Prosecutors began talking to the daughters after the body of one of the boarders turned up in the Knoteks’ back yard. Forensic experts could not determine a cause of death and blood found in the Knoteks’ farmhouse could not be identified. The bodies of the nephew and other boarder were never found.
Prosecutors knew they had a triple homicide on their hands. But they also feared that they could not prove first degree murder in a courtroom because neither David nor Michelle Knotek could be compelled to testify against the other.
“[This] was a classic case where the husband saw the acts of the wife, the wife saw the acts of the husband, and everyone knew we couldn’t use the testimony of either one of them,” Assistant Attorney General Brian Moran told the Post-Intelligencer.
Prosecutors were forced to make a deal. They reduced the charges to second degree murder and manslaughter to get the Knoteks to plead guilty. Michelle Knotek received a 22-year prison term for second degree murder and manslaughter while David Knotek got a 15-year term of second degree murder.
Pacific County prosecutor David Burke was not pleased with the outcome of the case. He said the State probably could have secured a first degree murder conviction had the prosecution been able to get one of them to testify against the other.
“Spousal privilege, the way the law reads right now, certainly inhibited our ability [in this case],” Burke said.
In Texas, there are two marital privileges: the confidential communication privilege, TRE 504(a), and the privilege not to testify in a criminal case, TRE 504(b).
The State of Texas, in Tex. R. Crim. Evid. 504(a)(1), defines the husband-wife privilege as a “communication” that “is confidential if it is made privately by any person to the person’s spouse and it is not intended for disclosure to any other person.” The privilege “may be claimed by the person or the person’s guardian or representative, or by the spouse on the person’s behalf.” § 504(a)(3). The following are exceptions to the privilege under § 504(a)(4):
- (A) The privilege may not be claimed, in whole or part, if the communication was made to enable or aid anyone to commit or plan to commit a crime or fraud.
- (C) The privilege may not be claimed in a proceeding in which the party is accused of conduct which, if proved, is a crime against the person of the spouse, any minor child, or any member of the household of either spouse, or, in a criminal proceeding when the offense charged is bigamy.

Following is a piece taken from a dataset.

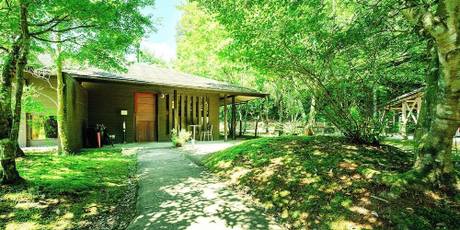 全室源泉掛け流し温泉付離れの旅館 四季の杜 紫尾庵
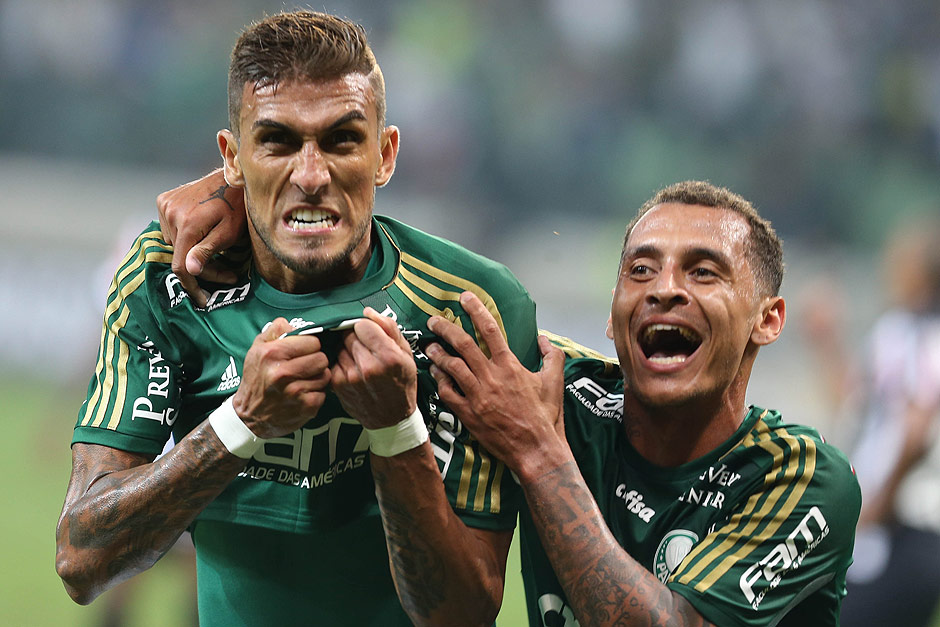 Rafael Marques comemora gol de empate do Palmeiras contra o Atltico-MG pelo Campeonato Brasileiro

Most importantly, § 504(b) (1) provides that the spouse of an accused in a criminal case has a privilege not to be called as a witness for the state. It is the spouse called to testify that must raise this privilege, not the accused spouse. But this rule does not prohibit a spouse from testifying voluntarily for the state, even over the objection of the defendant-spouse. It should also be pointed out that a spouse who testifies for a defendant-spouse is subject to cross examination by the prosecution as provided by Tex. R.Crim. Evid. 611(b).
Clearly, the husband and wife privilege does not provide the high degree of protection over shared spousal communications as many lay persons believe. For example, § 504(b)(2) permits the prosecution to comment on the failure of the defendant to call his/her spouse as a witness when the evidence indicates that the spouse could have testified about relevant matters. And § 504(b)(3) provides that the “privilege not to testify may be claimed by the person or the person’s guardian or representative” but not by that person’s spouse.
Texas courts have also upheld the rule adopted by many other states that the “husband and wife” privilege does not prohibit a spouse from voluntarily testifying for the State. See: Fuller v. State, 858 S.W.2d 528 (Tex.App.-Eastland 1993).
In yet another restrictive case, the court in Davis v. State, 2005 Tex.App. 712 (Tex.App.-Fort Worth Jan. 27, 2005) confronted the “husband-wife privilege” in case where a police officer was allowed to testify about similar statements made by the defendant-husband to his wife and his mother incriminating himself in a criminal offense. These statements were repeated to the officer by these wife and mother during the initial discovery and investigation of the offense. Id., at LEXIS 11. The issue before the court was whether the statement made to the mother automatically waived the husband and wife privilege. The court began its analysis with a discussion of the evidentiary purpose of the privilege:
“While, arguably, the primary purpose of the rules of evidence is to exclude unreliable evidence, privileges exist to serve [other] purpose[s] … The privilege rules do, however, have their limitations, as is evidenced by Texas Rule of Evidence 511. Applicable to all of the privileges provided for in the Texas Rules of Evidence, it states, ‘A person upon whom these rules confer a privilege against disclosure waives the privilege if: (1) the person . . . voluntarily discloses or consents to disclosure of any significant part of the privileged matter . . . .’ TEX. R. EVID. 511(1). Thus, disclosure of ‘any significant part’ of the privileged material waives the privilege. See Terrell State Hosp. of Tex. Dep’t of Mental Health & Mental Retardation v. Ashworth, 794 S.W.2d 937, 940 (Tex. App.–Dallas 1990, orig. proceeding).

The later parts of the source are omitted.